Chicão – Você pega a Billings aqui em São Paulo. A EMAE (Empresa Metropolitana de Águas e Energia) é uma empresa estatal de geração de energia. A SABESP pega água para captação. Então tem que ter um entendimento para não faltar nem para um nem para outro. Na hora que tiver na mão do setor privado você acha que ele vai facilitar para o governo, para a população? Olha, vai faltar água para a SABESP. E o Dória quer privatizar a EMAE. Não vai ter acordo. A empresa é da EMAE, não é da SABESP. Se bobear o setor privado ainda vai morder algum da SABESP para usar água da represa.
Tem outros reflexos que não estão na conta da energia, que estão nas bacias hidrográficas formadas pelas represas das usinas. Quem manda na represa é quem comprou a usina. Se bobear, ainda vai ter aumento na conta de água. Tem outros reflexos. O novo dono não quer pagar por isso, mas vai querer cobrar. Outro exemplo, a CTG que comprou a Rio Paranapanema.
Tudo que está em volta é dela, turismo, piscicultura, hidrovias, abastecimento de água, essa conta vai para o bolso do consumidor. Isso é muito grave. O governo está sendo inconsequente. Ele sabe disso, por isso não coloca esse debate na população. Sabe que aí ela fica contra. Porque essa conta vai para o bolso do povo.
HP – E você tem mais exemplos?
Chicão – Tudo isso tem conflito de interesses. Eu vou dar mais um exemplo. Hidrovia. Aqui em São Paulo tem a Usina de Três Irmãos, no Rio Paraná. Ela tem um braço. Se gerar muita energia seca o braço e não passam as barcaças. Afeta até a segurança alimentar. O custo do transporte de alimentos, que vem do Mato Grosso para cá, fica muito mais barato, usando uma parte o transporte de hidrovia e os caminhões fazendo o resto do caminho.
Como usaram muita água e o nível baixou, não dava para as barcaças passarem. Teve que fazer a volta com os caminhões. O custo do alimento aumentou por causa disso. Outro ponto de segurança alimentar é que o governo subsidia a geração noturna de energia para agricultura, para fazer irrigação. Você acha que alguém do setor privado vai fazer tarifa social para irrigação à noite?
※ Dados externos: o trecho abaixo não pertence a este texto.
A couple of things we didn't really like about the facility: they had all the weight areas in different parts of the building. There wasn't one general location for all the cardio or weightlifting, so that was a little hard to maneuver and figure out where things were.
Aí é o alimento mais caro para o povo.
HP – As tarifas estão caras.
Chicão – A geração de energia hidráulica é a mais barata que tem. A água é de graça. Como disse, caras são a transmissão e a distribuição privatizadas. Além disso, o governo força preços mais caros pelo uso de termelétricas, de combustível fóssil para os períodos de estiagem.
HP – Tem outro jeito?
Chicão – Tem outros meios. Pode regulamentar energia solar. Você poderia instalar sua geradora e o que sobrasse virava crédito e servia para alimentar a rede durante a estiagem. Só que estão querendo tributar o que você gerou. O que é barato fica caro.
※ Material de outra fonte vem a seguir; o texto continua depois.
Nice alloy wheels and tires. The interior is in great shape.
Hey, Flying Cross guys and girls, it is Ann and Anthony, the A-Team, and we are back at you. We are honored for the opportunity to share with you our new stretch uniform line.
O governo Federal e os governos estaduais tinham o dever de pegar o superávit das empresas de energia que são superavitárias e reinvestir em energia limpa, renovável. Em vez de ficar alimentando o parque de termelétricas e fazendo lobby político deviam ir tirando energia suja e trocando por energia mais barata e limpa, como a eólica, fotovoltaica, cinética, usando a ondulação do mar, e olha o tamanho de nossa orla. Investiria esse superávit em energia mais barata e limpa. E tudo isso favoreceria a população a médio e longo prazo. Em vez de entregar para a iniciativa privada o lucro da empresa, reinveste esse lucro para desenvolver a reindustrialização e o desenvolvimento do país.